第四話 学園艦の授業参観 ④
本来は先週、つまり2月6日に公開する予定でしたが、設定ミスにより公開できていませんでした。この場をお借りしてお詫びいたします。
「……官房長官と会うなんて、君たちは運が良いな」
艦橋から学生寮へ帰る車の中、北白河教官はハンドルを握りながら呟いた。
「見てよ教官っ!未来の総理大臣のサインだよ」
早速イチョウは青嵐さんに書いてもらったサイン色紙を自慢し始めた。
「『未来の総理大臣』か……やはり、そうか」
「やはり、とは?」
私は北白河教官の言葉の端に引っ掛かりを覚えた。
「あの人なら総理大臣なんて今すぐにでも手が届くだろうな。
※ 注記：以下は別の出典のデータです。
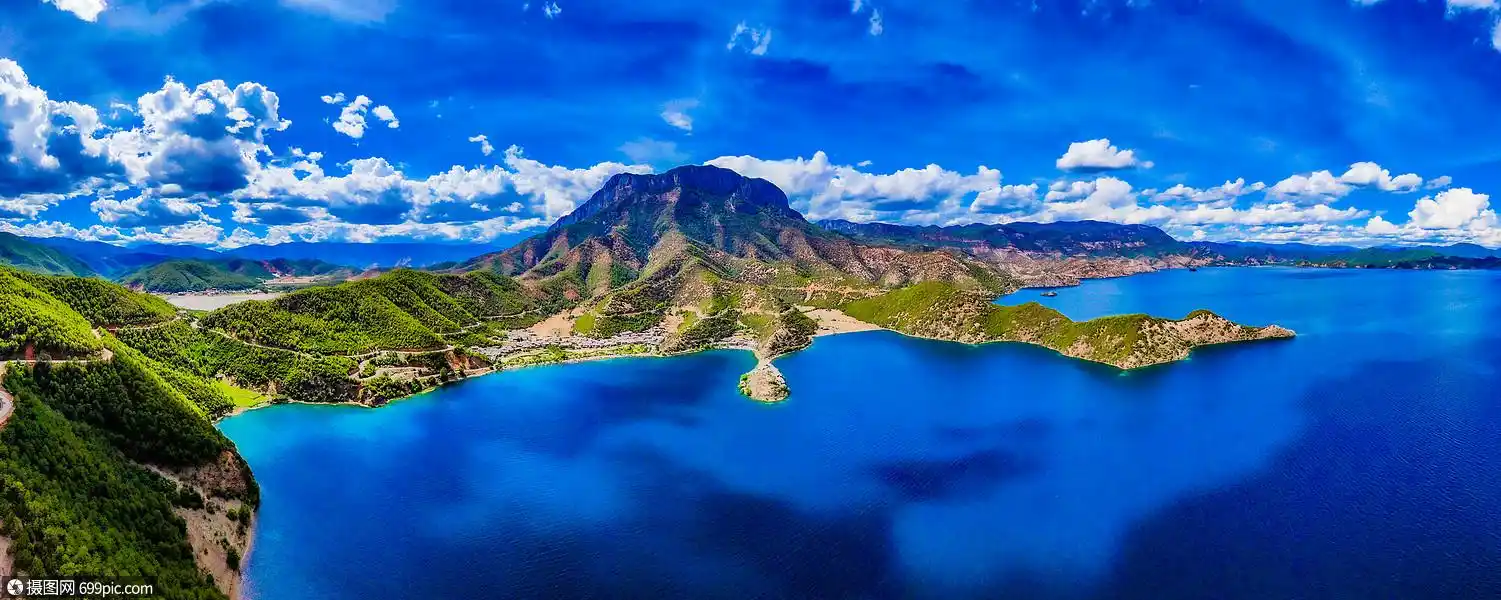 泸沽湖航拍全景图自然风景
なぜ官房長官で留まっているのか謎なのだよ」
「へえ……みゃーちゃんは理由とか知ってる?」
「父とそういう話はしたことがありませんでした。きっと、政治のことで私に迷惑をかけていると思っていたからだと思いますわ。総理になったら、狙われる頻度も増えるのでしょうし」
北白河教官はミヤさまをバックミラーで一瞥し、表情を変えずに問うた。
「官房長官は君たちに何と言っていた?」
「ミヤさまをよろしく、とか取り留めのない話ばかりですよ」
「それ以外には」
「えっ、うーん……あっ、『たとえ思想を外部に発表するための手段であっても、その手段が他人の財産権、管理権を不当に害するがごときものは許されない』と言っていました」
「ふむ、吉祥寺駅事件か。おおよそ言いたいことの見当はつく」
車のスピードがほんの少しだけ上がったような気がする。もっとも北白河教官の目は依然、怒りをたたえている。
「吉祥寺駅事件って?そもそも吉祥寺ってどこ?」
好奇心旺盛なイチョウはすかさず突っ込んだ。
「かつての首都・東京の地名だ。その吉祥寺駅の構内で駅員が制止するのもきかず、ビラをばら撒いて演説を打った者が捕まった事件だ」
「なるほど。表現の自由と鉄道会社の所有権のどちらが優先されるべきか、という問題ですわね」
「まあ、そういうことだ。それで最高裁が言ったのがまさに今の箇所だ。表現の自由は守られるべきだが、自由をかさに着て他人の権利を妨害してよいわけではない。噛み砕いて言えばそういうことだろう」
例えば、憲法九条を守れと叫んでいる団体がいたとして、私の家の中に勝手に上がり込んできて演説をされちゃ、たまったことじゃないだろう。そう淡々と解説する北白河教官だけれど、その目はやっぱり怒ったままだ。思い切って私は、北白河教官に先ほどからの違和感をぶつけることにしてみる。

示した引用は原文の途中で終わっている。